Sou branca, tenho 41 anos, sou heterossexual, mas sou mulher. Só duas questões nesta equação me tornam imprópria para viver nesta sociedade: a idade e o género. Imprópria para poder viver a minha liberdade, porque sou mulher e por isso, a minha liberdade será sempre vista como sendo “galdéria”, facto que estou a viver, só porque decidi ser feliz e amar. Mas como sou mulher, sou galdéria. Se fosse homem, seria uma escolha ter um 3º, um 4º ou um 9º casamento ou relacionamento.

Quanto à idade, por ter 41 anos, sou muito sénior para a maior parte das posições do mercado de trabalho e demasiado júnior para posições de direção.

Estamos mais discriminatórios que nunca, mais racistas que nunca, mais xenófobos que nunca e queremos “ajudar os outros”.
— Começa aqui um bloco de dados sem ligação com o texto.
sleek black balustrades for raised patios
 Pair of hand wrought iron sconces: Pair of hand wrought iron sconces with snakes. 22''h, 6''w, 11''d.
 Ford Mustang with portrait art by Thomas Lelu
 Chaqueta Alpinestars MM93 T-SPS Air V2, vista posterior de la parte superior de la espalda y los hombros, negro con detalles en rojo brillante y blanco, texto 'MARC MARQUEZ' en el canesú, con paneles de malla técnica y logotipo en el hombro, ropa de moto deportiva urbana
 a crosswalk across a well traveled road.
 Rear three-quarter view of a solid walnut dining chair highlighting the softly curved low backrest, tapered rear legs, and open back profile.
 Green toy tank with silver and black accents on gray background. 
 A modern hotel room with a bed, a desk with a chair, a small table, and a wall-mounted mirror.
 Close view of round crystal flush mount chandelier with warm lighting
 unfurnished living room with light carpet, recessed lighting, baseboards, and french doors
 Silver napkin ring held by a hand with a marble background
Trabalhamos e ganhamos dinheiro à custa da miséria alheia: à custa de pessoas com ausência de autoestima, com baixa autoestima e exploramos isso para ganhar dinheiro. Criam-se máquinas de psicólogos (na qual me insiro sendo licenciada em psicologia também), máquinas de coaches que ajudam toda a gente (na qual me insiro, sendo certificada em coaching), que ganham o seu dinheiro por “doações que queiram dar e do valor que quiserem dar” ou a cobrar, à custa da eterna busca pela felicidade e bem-estar.

A ética fugiu para Marte e está sem ar. Na Terra, trespassou a loja à malta do: “força, vais conseguir” a qualquer custo (ou doação).

Como se processa o dano severo que uma classe profissional não regulada e regulamentada causa? Ou que uma classe profissional protegida por uma “Ordem” causa? Qual é a melhor maneira para afundarmos em processos judiciais e custas para não chegar a lado nenhum?

Como se determina se uma lei é justa ou injusta?

Tendo estudado Direito, na reputada Universidade de Coimbra, sei desde o 1º ano que direito e justiça são coisas completamente opostas.

Direito vem da normalização societária e da necessidade de regulamentação.

A justiça vem dos nossos valores pessoais. Por isso temos 7.7 biliões de justiças na terra e em terras portuguesas cerca de 10 milhões de justiças e justiceiros (mas só nas redes sociais).

Para colocar nos termos de São Tomás de Aquino (um santo tem sempre mais peso que uma mortal): uma lei injusta é uma lei humana que não está enraizada na lei eterna e na lei natural. Qualquer lei que eleva a personalidade humana é justa. Qualquer lei que degrada a personalidade humana é injusta. Todos os estatutos da segregação são injustos porque a segregação distorce a alma e prejudica a personalidade. Dá ao segregador um falso sentido de superioridade e ao segregado um falso sentido de inferioridade.

A segregação, para usar a terminologia do filósofo judeu Martin Buber, substitui num relacionamento o “eu” por um “eu” e acaba relegando as pessoas ao estatuto de coisas. Portanto, a segregação não é apenas política, ou económica e sociologicamente insalubre, a segregação é moralmente errada.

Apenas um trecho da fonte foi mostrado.